━━━━━ Recorded data ━━━━━
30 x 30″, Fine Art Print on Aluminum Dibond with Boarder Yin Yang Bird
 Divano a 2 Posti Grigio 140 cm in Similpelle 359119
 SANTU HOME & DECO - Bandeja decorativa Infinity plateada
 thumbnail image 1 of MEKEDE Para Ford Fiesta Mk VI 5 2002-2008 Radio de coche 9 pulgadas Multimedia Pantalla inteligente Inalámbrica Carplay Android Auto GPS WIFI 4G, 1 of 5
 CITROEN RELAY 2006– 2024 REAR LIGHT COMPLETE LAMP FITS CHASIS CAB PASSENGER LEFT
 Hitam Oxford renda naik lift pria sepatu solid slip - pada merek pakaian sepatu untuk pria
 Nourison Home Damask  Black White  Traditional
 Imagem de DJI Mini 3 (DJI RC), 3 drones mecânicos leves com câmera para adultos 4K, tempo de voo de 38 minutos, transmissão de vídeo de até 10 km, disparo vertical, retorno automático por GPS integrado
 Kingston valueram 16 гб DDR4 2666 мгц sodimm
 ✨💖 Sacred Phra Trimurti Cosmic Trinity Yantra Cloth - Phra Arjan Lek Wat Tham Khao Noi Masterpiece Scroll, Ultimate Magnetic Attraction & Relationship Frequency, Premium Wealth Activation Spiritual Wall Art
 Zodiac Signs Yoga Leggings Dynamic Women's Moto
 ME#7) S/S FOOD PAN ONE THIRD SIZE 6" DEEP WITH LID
━━━━━
# Description of the task
Every line between the one that contains "Imagem de DJI" and the last line of the listing, both included, should be retyped exactly, with nothing else added.

# Reply to the exercise
 Imagem de DJI Mini 3 (DJI RC), 3 drones mecânicos leves com câmera para adultos 4K, tempo de voo de 38 minutos, transmissão de vídeo de até 10 km, disparo vertical, retorno automático por GPS integrado
 Kingston valueram 16 гб DDR4 2666 мгц sodimm
 ✨💖 Sacred Phra Trimurti Cosmic Trinity Yantra Cloth - Phra Arjan Lek Wat Tham Khao Noi Masterpiece Scroll, Ultimate Magnetic Attraction & Relationship Frequency, Premium Wealth Activation Spiritual Wall Art
 Zodiac Signs Yoga Leggings Dynamic Women's Moto
 ME#7) S/S FOOD PAN ONE THIRD SIZE 6" DEEP WITH LID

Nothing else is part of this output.